E depois demorei em voltar a pegar nisto.
Há dias em que o silêncio após uma videochamada pesa mais que o habitual. O ecrã escurece e fico a olhar para o meu reflexo, dividida entre a culpa e a realização. A decisão de viver do outro lado do mundo traz consigo uma matemática impossível: por cada momento ganho aqui, há um momento perdido lá. Aniversários marcados apenas no calendário, abraços guardados para "quando voltar", risos em chamadas que acabam sempre cedo demais por causa do fuso horário.
Entre Portugal e Espanha, a distância era uma questão de horas de carro, uma ponte fácil de atravessar quando as saudades ou os eventos apertavam. Agora, com um oceano pelo meio, cada regresso precisa de ser planeado com meses de antecedência, e cada partida carrega o peso de todas as ausências futuras.
O mais difícil é perceber que aparentemente nunca vamos estar verdadeiramente inteiros.

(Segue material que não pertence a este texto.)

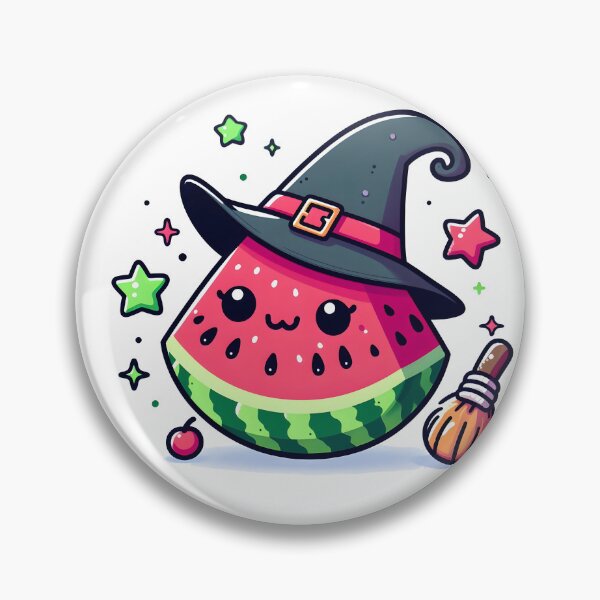 Item preview, Kawaii Witchy Watermelon designed and sold by CanvasCutie.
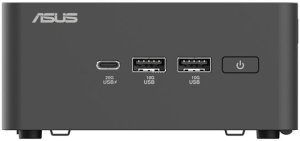 Komputer Asus ASUS NUC 15 Pro Tall Kit RNUC15CRHV500000 - Barebone - Mini-PC - 1 x Core 5 235H / 2.5 GHz - vPro - RAM 0 GB - Arc Graphics 140T - Wi-Fi 6, Wi-Fi 7, Bluetooth, 1GbE, 2.5GbE - WLAN: 802.11a/b/g/n/ac/ax/be, Bluetooth 5.4 - czarny 2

Há sempre uma versão de nós que fica para trás, sentada no muro da praia da Parede de manhã, a cheirar o Atlântico depois de uma corrida, mesmo dentro da zona de conforto, num sitio tão bonito, e tão mais perto da maioria das nossas pessoas, à espera de regressar.
O que mais nos faz falta deste lado? As nossas pessoas. E enquanto isso, construímos uma vida nova longe de tudo que também se torna casa, que também se torna nossa, e que nos faz felizes de uma forma que não esperávamos.
É uma espécie de paradoxo: quanto mais nos realizamos aqui, mais forte é a sensação de que estamos a falhar com quem ficou. E quanto mais nos adaptamos a esta nova vida, mais nos perguntamos se algum dia voltaremos a ser aquela pessoa que deixámos à espera no muro da praia da Parede.
Não há vitória fácil neste jogo de distâncias. Há apenas a certeza de que, independentemente das nossas escolhas, vamos sempre ter o coração dividido entre dois mundos, e alguém ou algum lugar que gostamos muito do outro lado do planeta. Muitos dias sem encontrar alternativa para este título.
Em cima disto tudo, é impossível não estar ainda mais apreensivo com a situação do mundo neste momento.
Antes do Natal, surgiram oportunidades que não estávamos à espera, e analisámos todas as possibilidades para o nosso futuro. Concluímos que, se a escolha entre as duas costas oeste (europeia e americana) é tão equilibrada, significa que ambos os lugares que chamamos casa são extraordinários.
A "nova administração" começou a pesar contra a permanência aqui.
As notícias de restrições às entradas e renovações de vistos vão-se multiplicando, recebemos dezenas de emails sobre como proceder em diversas circunstâncias relacionadas com autoridades de deportação.
Tive uma reunião sobre um projecto bonito em que colaboro com o Canadá e com os Estados Unidos e fiquei a saber que a possibilidade de perda de financiamento existe se continuarmos a colaborar com a colega do Canadá. Quem partilhou a notícia acabou a reunião com um pedido de desculpas pelas medidas da administração deste país que parecem irreais. Eu perguntei se a colaboração com a Europa pode levar também a cortes no financiamento neste projecto. E a colega responde "para já" só recebemos informações sobre o Canadá... fiquei a saber também, que a quantidade de candidaturas de investigadores americanos a posições no Canadá e na Europa cresceu exponencialmente.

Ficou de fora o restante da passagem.